Sayın Mehmet Ali Birand
Posta Gazetesi Yazarı
İstanbul 29 Mayıs 2009
Sayın BİRAND;
29 Mayıs 2009 tarihli ve “Hem öldürüp, hem de barış arayamazsın!” başlığını taşıyan yazınızı okudum. Yazınızın bir bölümünde, şu ifadeleri kullanmışsınız:
“Devlet hariç herkes bir öneride bulunuyor Kürt sorunuyla ilgilisi gelişmeleri izlerken, hep bu senaryolar aklıma geliyor. Devletin seyirci kaldığı ve yerinden kıpırdamak dahi istemediği bir ortamda -ki, bu tehlike giderek yaygınlaşıyor- göreceksiniz orasından burasında parmak sokanların sayısı artacaktır. Akıl verme adına demeçler yaygınlaşacak, Konferanslar düzenlenecek ve bir gün kendimizi her kafadan başka bir sesin çıktığı bir Uluslararası ortamda bulabileceğiz. Cumhurbaşkanı Gül’ ün uyarısının temelinde işte bu gerçekler yatıyor. Bazı işler uzatılır, gereken adımlar siyasi cesaretsizlik nedeniyle atılamazsa, Uluslararası aktörler hemen ortaya çıkar. Manzaraya bir baksanıza… DTP lideri Ahmet Türk, bir şeyler yapılması gerektiğine dikkat çekiyor. Cumhurbaşkanı sık, sık uyarıda bulunuyor. Asker de olaya farklı yaklaşıyor. Kandil’den mesaj üstüne mesaj geliyor. Günlük hayatımızı etkileyen bu sorunu biz böylesine ortada mı bırakacağız?
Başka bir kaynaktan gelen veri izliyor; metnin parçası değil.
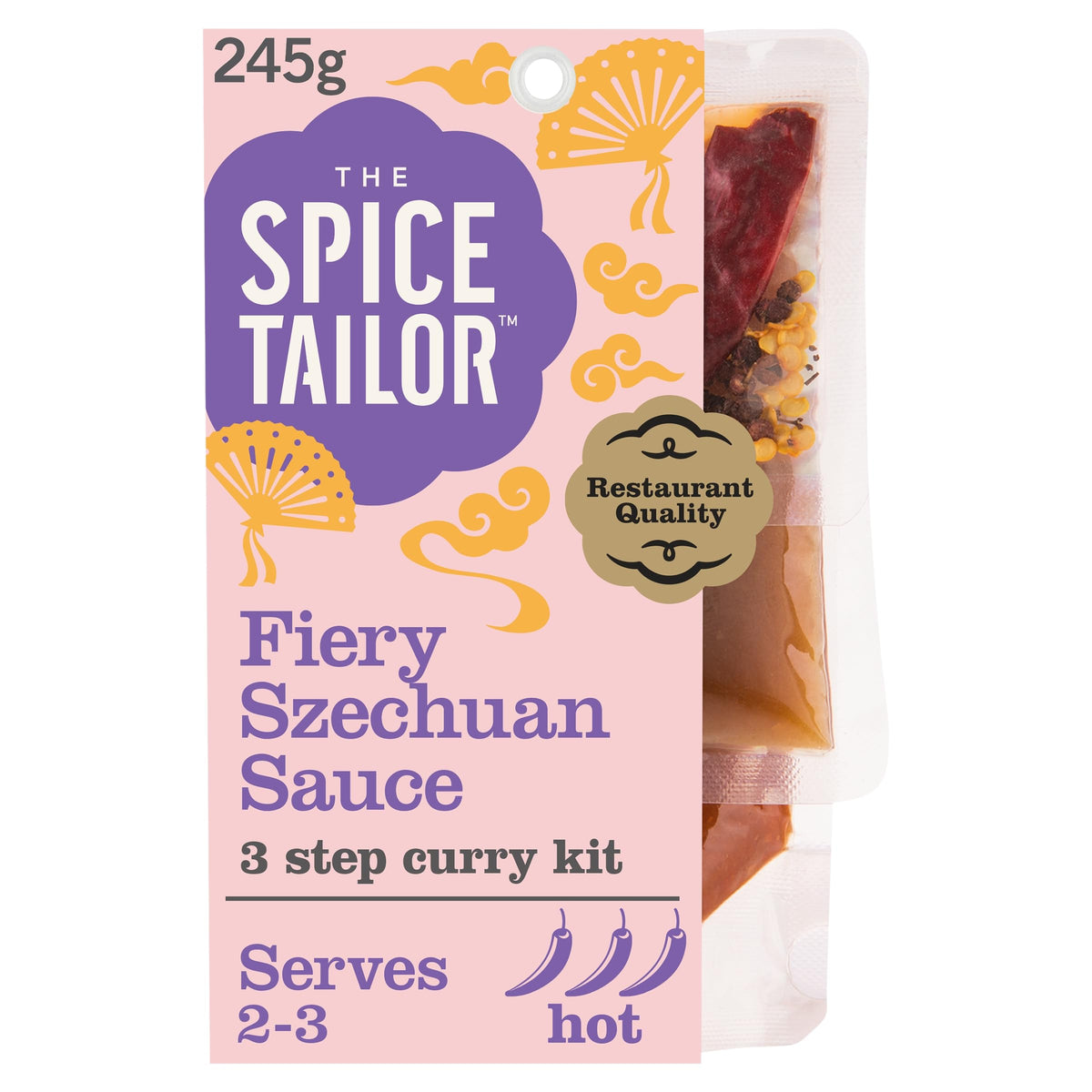 The Spice Tailor Fiery Szechuan Sauce Kit - 5 x 245g Pouches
Kandil’e mi bırakacağız? Yine yazımın başına dönüyorum. Eğer bir sorunu görmezden gelirsek, o sorun ortadan kalkarmış gibi bir alışkanlığımız var. Tam tersine, işin ucunu sıkı tutmazsak, başka tuzaklara düşeriz. Olayın Uluslararası foruma taşınması en çok bizlere zarar verdirir.”
Merak ettiğim husus şudur:
Yıllardan beri ortaya attığınız, savunduğunuz “KÜRT SORUNU” size göre nedir ve nasıl çözülür?
Bugüne kadar bu, varettiğiniz soruna ait herhangi bir çözüm ortaya koymadınız. Daha doğrusu; zamirinizde gizlediğiniz çözümün şeklini tarif etmediniz. Ayrı bir Kürt Devletinin kurulmasını mı, bir federasyon mu veya bizlerin düşünemediği bir başka oluşumu mu arzu etmektesiniz?
Hemen, hemen her yazınızda DEVLETİN, seyirci kaldığını vurguluyorsunuz? Size göre DEVLET, ne yapmalıdır?
Kürt sorunu diye ortaya atılan bu konuya, zaten orasından, burasından parmak sokanların sayısı azımsanmayacak derecede fazladır. Akıl verme adına içten ve dıştan demeçler verenlerin sayısı da küçümsenemeyecek derecede çoktur. Uluslar arası aktörler, zaten yıllardan beri devrededirler. Uluslar arası konferansların da haddi hesabı yoktur. Yani; konu, uluslar arası foruma taşınmış durumdadır.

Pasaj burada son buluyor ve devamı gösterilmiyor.